Xingar é um ato de amor, disso não tenho a menor dúvida. É um ato de amor próprio, inequívoco sinal de que sua autoestima está em ordem. Você não guarda rancores, raivas desnecessárias, extravasa. O que importa é xingar na dosagem certa, mesmo que em algumas ocasiões a dosagem seja um tsunami. É o caso de meu alvo, Eduardo, o insuportável robô de cobrança das Casas Bahia, um desocupado; quando afetado programa a sua voz insonsa, que a gravação torna irritante, até quinze a vinte vezes por dia.
O chato é que Eduardo não responde. Me respondeu apenas uma vez__ acho que o programador previu a situação__ quando com todo o afeto que a ocasião requeria falei: “Eduardo, meu querido, não leve a mal, nada pessoal, me faça um favor: vai tomar na sua tarraqueta”. Para minha surpresa ele reagiu: “minha tarraqueta é uma porca, só uma chave inglesa mexe aqui”.
Imaginei que depois do susto Eduardo me ignorasse. Não esqueceu de mim. Ligou cinco minutos depois e eu ainda testando toda a minha capacidade de afeto, desta vez fui direto, sem preliminares: Eduardo você é um biltre, patife, sacana, miserável, palerma, canalha, sacripanta, mocorongo, cachorro, filho da puta, abigeato, sevandija, mentepcato, verme, cafajeste, imbecil, idiota, sicofanta, corno, vagabundo, salafrario, bigorrilha, ordinário, marau, desprezível, escroto, beócio, capeta, chupa-prego, jumento, bosta, babaca, mariola, pulha. Nem terminei de expressar meus caros sentimentos, Eduardo foi logo tirando da reta: “Desculpe não entendi, pode falar de novo?”

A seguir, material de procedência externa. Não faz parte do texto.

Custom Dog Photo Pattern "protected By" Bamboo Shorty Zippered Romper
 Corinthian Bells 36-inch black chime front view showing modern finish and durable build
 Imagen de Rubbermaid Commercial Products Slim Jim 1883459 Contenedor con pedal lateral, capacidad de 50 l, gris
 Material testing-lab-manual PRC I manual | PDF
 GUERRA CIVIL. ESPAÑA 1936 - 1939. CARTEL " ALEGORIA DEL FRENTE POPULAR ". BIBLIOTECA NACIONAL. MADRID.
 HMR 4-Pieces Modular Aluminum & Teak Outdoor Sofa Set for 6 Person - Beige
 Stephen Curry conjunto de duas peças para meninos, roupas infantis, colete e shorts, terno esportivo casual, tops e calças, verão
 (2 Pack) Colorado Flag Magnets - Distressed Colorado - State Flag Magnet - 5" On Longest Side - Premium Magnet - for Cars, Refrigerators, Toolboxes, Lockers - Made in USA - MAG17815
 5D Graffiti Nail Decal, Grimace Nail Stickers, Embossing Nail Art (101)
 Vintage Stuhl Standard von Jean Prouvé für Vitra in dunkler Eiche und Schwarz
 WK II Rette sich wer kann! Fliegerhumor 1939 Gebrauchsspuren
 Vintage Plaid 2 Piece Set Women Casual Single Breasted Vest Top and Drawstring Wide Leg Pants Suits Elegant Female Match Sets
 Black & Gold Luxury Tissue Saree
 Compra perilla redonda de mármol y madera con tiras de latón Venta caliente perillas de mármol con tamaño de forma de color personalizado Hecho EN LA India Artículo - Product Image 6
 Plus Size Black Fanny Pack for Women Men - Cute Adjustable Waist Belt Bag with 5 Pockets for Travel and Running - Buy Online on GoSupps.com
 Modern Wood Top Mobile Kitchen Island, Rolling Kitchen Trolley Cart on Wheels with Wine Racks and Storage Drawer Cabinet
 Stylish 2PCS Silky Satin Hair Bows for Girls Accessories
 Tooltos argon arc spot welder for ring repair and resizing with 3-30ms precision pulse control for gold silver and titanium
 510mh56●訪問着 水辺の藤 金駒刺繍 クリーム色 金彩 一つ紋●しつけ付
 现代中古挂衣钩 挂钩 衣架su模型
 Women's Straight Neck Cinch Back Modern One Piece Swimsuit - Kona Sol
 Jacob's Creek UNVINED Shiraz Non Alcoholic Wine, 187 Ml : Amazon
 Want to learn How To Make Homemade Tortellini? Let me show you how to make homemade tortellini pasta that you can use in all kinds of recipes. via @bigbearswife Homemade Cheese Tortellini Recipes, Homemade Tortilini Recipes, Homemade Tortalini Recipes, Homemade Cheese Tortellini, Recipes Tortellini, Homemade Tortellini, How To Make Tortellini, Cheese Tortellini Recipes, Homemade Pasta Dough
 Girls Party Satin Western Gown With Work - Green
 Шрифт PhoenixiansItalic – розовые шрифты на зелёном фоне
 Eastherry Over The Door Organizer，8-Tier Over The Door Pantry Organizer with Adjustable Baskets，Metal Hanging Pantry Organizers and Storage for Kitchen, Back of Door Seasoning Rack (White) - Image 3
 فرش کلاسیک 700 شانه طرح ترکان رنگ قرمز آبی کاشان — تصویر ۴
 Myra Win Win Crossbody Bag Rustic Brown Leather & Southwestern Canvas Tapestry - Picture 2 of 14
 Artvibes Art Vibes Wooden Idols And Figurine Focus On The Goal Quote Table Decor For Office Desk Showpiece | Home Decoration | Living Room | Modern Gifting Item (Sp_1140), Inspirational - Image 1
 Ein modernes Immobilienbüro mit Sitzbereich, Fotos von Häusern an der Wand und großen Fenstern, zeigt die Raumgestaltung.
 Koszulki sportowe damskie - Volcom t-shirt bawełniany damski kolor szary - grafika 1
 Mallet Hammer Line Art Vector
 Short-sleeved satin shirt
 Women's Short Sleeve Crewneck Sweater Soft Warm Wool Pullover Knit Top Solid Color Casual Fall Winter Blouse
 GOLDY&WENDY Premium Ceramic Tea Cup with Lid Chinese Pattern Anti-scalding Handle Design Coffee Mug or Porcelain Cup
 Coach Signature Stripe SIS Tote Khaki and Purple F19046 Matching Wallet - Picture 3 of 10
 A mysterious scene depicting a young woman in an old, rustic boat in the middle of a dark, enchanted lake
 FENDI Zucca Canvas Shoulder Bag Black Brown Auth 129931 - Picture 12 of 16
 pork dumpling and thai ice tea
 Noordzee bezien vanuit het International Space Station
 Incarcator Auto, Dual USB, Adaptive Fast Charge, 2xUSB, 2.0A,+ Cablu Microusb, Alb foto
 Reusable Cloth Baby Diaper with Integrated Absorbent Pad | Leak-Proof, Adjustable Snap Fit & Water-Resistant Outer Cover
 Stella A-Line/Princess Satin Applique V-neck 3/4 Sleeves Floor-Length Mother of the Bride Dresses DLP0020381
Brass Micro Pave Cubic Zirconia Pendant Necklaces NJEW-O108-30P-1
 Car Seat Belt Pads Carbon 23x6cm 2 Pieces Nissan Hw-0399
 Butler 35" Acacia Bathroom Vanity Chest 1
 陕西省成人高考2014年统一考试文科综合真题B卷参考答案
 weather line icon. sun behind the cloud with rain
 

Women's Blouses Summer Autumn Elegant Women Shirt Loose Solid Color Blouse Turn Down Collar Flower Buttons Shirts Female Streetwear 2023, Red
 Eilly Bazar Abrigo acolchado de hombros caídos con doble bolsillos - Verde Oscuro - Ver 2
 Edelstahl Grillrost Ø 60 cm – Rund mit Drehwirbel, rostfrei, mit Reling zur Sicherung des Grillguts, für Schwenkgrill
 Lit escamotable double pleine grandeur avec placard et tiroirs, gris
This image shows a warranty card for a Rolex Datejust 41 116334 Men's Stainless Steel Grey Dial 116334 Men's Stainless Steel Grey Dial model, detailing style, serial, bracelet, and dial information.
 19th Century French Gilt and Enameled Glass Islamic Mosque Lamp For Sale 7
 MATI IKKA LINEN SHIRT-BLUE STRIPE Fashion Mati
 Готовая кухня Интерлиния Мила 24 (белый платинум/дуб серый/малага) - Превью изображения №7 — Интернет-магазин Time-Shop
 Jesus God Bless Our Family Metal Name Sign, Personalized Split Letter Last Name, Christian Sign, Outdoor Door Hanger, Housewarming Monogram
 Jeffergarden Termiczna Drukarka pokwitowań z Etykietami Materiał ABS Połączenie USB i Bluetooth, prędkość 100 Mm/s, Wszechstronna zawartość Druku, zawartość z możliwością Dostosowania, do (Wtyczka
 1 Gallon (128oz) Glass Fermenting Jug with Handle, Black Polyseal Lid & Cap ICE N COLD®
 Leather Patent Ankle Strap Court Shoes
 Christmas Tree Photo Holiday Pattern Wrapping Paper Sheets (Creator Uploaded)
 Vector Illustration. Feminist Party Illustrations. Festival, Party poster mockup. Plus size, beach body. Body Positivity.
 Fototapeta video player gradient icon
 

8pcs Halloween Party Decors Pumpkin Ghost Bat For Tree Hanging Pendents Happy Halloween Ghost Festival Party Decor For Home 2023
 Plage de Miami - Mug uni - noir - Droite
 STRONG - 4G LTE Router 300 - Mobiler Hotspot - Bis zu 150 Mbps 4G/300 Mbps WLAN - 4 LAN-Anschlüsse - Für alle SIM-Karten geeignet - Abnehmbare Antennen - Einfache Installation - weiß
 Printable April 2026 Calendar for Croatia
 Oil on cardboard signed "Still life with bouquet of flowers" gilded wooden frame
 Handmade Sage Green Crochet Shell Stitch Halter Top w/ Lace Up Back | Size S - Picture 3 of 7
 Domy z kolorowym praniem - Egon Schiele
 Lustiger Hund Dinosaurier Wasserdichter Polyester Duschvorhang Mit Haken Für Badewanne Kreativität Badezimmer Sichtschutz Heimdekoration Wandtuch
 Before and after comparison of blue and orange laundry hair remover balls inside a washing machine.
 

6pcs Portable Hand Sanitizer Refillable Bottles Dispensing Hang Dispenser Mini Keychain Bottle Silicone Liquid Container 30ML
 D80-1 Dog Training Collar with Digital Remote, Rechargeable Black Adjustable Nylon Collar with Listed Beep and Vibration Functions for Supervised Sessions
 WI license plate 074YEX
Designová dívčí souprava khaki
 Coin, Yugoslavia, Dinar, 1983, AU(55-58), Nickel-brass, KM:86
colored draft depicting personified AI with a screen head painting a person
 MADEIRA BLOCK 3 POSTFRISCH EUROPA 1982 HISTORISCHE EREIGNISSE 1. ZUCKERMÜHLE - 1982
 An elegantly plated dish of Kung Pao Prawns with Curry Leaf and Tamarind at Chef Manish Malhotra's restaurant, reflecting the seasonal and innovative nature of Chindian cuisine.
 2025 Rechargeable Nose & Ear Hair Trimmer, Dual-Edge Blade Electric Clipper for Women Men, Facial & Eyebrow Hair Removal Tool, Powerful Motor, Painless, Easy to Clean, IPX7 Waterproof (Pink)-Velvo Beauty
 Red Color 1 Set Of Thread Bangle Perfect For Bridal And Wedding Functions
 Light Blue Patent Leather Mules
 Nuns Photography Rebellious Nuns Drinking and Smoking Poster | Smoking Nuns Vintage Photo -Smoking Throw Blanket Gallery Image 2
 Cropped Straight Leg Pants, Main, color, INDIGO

Eu disse que você é um pulha, seu porra ! Caiu a ligação e, confesso, achei que na hora certa, me excedi em chamar o miserável de pulha. Lembrei que David Nasser tomou um soco de Leonel Brizola, no meio da cara, no balcão da Varig do Galeão, em 1963, por ter categorizado ele como pulha, no título do editorial para a revista O Cruzeiro. Nasser não apenas o qualificou como extrapolou o verbo; “Triste é o jornalista que tem o dever, neste prefácio de lama, de enfiar a pena no seu sangue pútrido, na sua carreira putrefata e na sua figura pífia, para cumprir o sagrado papel de revelar à geração atual e à geração futura, que nós não tivemos culpa de o senhor existir...”
E, sem escrúpulos, prosseguiu na sua arenga: “Acredita...esse pangaré mordido de cascavel verborrágica, esse rebotalho humano que exibe a sua cunhadeza ... imagina o senhor Leonel Brizola, o capadócio cunhoso, que um homem de bem não sabe, não pode lhe responder na sua linguagem sem asseio. Pois aí está. Já uma vez lhe disse que vai chover água de rosa. Mais de uma vez lhe avisei que perto de nós o Kama Sutra vai parecer breviário de noviça. E aqui vai a última advertência ao desditoso abigeato: quem invade o lar alheio, abre a porta de seu próprio lar”.
Sorte minha que Eduardo não foi programado para saber o que é pulha e não frequenta espaços públicos, nenhum risco dele revidar. Revidou de outro jeito. Ligou de novo, uma e outra vez e mais outra e ligou, ligou... bem na hora em que meu filho, coitado, entrou no quarto para me avisar que ia pegar o carro: “Pai, vou na praia me encontrar com meu amigo de infância, que voltou da Europa, Eduardo, lembra dele?”.
Bom de reflexos, tirou a cara para não levar um tapa. E antes que eu pudesse justificar o meu impulso irrefletido, o telefone tocou para quebrar o clima: “Olá. Aqui é Eduardo das Casas Bahia. Quero falar com Nelson. É você?”. “Sou eu me querido, esqueci de lhe dizer que você é um mequetrefe, seu robô enferrujado, filho de... uma lata velha”.